From the given information:

Assume F is used to denote the two cards;

If there are four aces among 52 playing cards, the chance of selecting the first ace is =  $\dfrac{4}{52}$

After selecting the first ace, we have only 3 aces remaining and a total of 51 playing cards.
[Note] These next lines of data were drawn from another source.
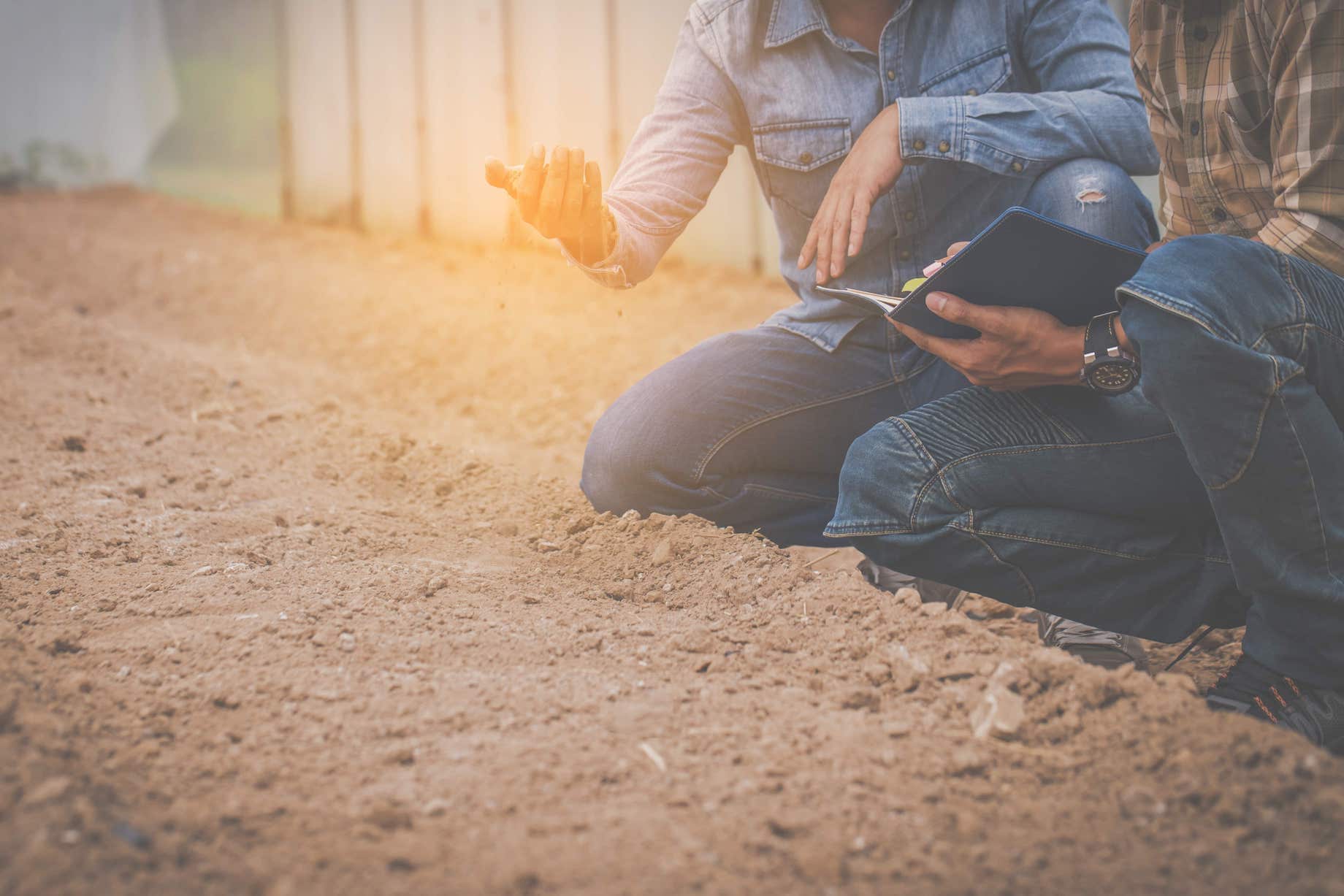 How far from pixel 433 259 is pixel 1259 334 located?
4223mm

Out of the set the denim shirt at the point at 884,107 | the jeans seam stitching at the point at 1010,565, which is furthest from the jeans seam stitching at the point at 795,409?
the jeans seam stitching at the point at 1010,565

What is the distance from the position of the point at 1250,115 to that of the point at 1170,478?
55 cm

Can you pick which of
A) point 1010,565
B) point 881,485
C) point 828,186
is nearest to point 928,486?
point 881,485

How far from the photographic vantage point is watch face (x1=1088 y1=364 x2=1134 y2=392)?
1.46 metres

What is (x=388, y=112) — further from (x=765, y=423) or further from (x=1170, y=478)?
(x=1170, y=478)

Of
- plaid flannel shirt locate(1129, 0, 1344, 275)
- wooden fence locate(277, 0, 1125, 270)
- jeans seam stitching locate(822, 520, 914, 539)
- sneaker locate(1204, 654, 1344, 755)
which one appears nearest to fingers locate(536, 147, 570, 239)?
jeans seam stitching locate(822, 520, 914, 539)

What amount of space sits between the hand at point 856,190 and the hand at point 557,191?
0.40 meters

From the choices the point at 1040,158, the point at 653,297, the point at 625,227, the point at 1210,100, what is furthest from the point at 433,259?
the point at 1210,100

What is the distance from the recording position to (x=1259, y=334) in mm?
1331

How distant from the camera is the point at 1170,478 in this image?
158cm

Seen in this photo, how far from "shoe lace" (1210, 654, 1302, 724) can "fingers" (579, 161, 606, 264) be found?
3.93 feet

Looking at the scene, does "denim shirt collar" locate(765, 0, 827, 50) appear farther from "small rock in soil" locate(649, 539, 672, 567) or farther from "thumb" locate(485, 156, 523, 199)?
"small rock in soil" locate(649, 539, 672, 567)

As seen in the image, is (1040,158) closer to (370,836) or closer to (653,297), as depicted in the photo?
(370,836)

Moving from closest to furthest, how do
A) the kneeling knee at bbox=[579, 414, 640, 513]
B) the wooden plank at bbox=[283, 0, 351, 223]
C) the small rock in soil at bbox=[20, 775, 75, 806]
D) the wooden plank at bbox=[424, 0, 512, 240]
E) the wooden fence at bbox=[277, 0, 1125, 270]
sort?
the small rock in soil at bbox=[20, 775, 75, 806] → the kneeling knee at bbox=[579, 414, 640, 513] → the wooden fence at bbox=[277, 0, 1125, 270] → the wooden plank at bbox=[424, 0, 512, 240] → the wooden plank at bbox=[283, 0, 351, 223] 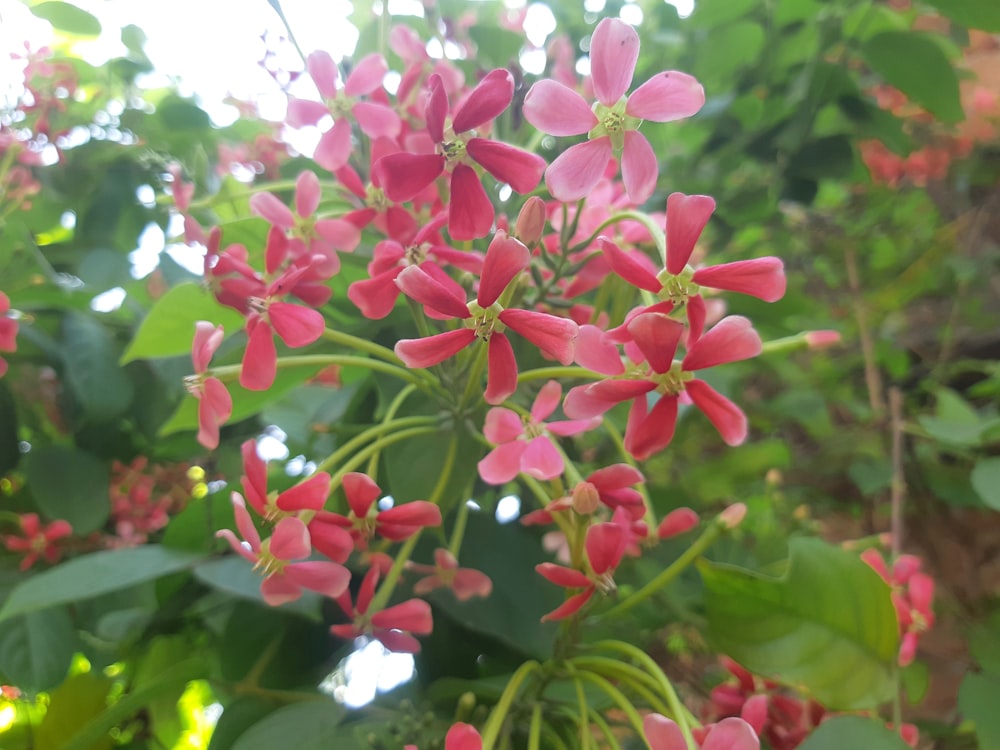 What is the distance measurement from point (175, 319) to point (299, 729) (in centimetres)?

Thus, the chance of selecting the second ace will be $\dfrac{3}{51}$

By applying product rule, we can determine the chance of selecting two aces without replacement as follows:

i.e.

$P(F=22)=\dfrac{4}{52}\times \dfrac{3}{51}$

$= \dfrac{1}{221}$

The probability of getting one ace, one face is:

$P(F=21) =( \dfrac{4}{52}\times \dfrac{12}{51})+( \dfrac{12}{52}\times \dfrac{4}{51})$

$P(F=21) = \dfrac{4}{221}\times\dfrac{4}{221}$

$P(F=21) = \dfrac{8}{221}$

Since there are 4 aces, 4 nine, and 12 faces in a card deck

The probability of getting one ace, one nine, or two faces now will be:

$P(F=20) = (\dfrac{4}{52} \times \dfrac{4}{51})+ (\dfrac{4}{52} \times \dfrac{4}{51}) + (\dfrac{12}{52} \times \dfrac{11}{51})$

$P(F=20) = (\dfrac{53}{663} )$

Now, the probability  of at least 20 now is:

$\text{P(F at least 20)} = \dfrac{1}{221}+\dfrac{8}{221}+\dfrac{53}{663}$

$\text{P(F at least 20)} = \dfrac{80}{663}$

If H represents the amount of prize of the expected winnings:

Then;

$(H - 10) (\dfrac{80}{663}) + (-10)(\dfrac{663-80}{663}) = 0$

$\dfrac{80(H-10)}{663}-\dfrac{5830}{663}=0$

$\dfrac{80(H-10)}{663}=\dfrac{5830}{663}$

80H - 800 = 5830

80H = 5830 +800

80H = 6630

H = 6630/80

H = $82.875

The prize should be $82.875 to make a winning positive.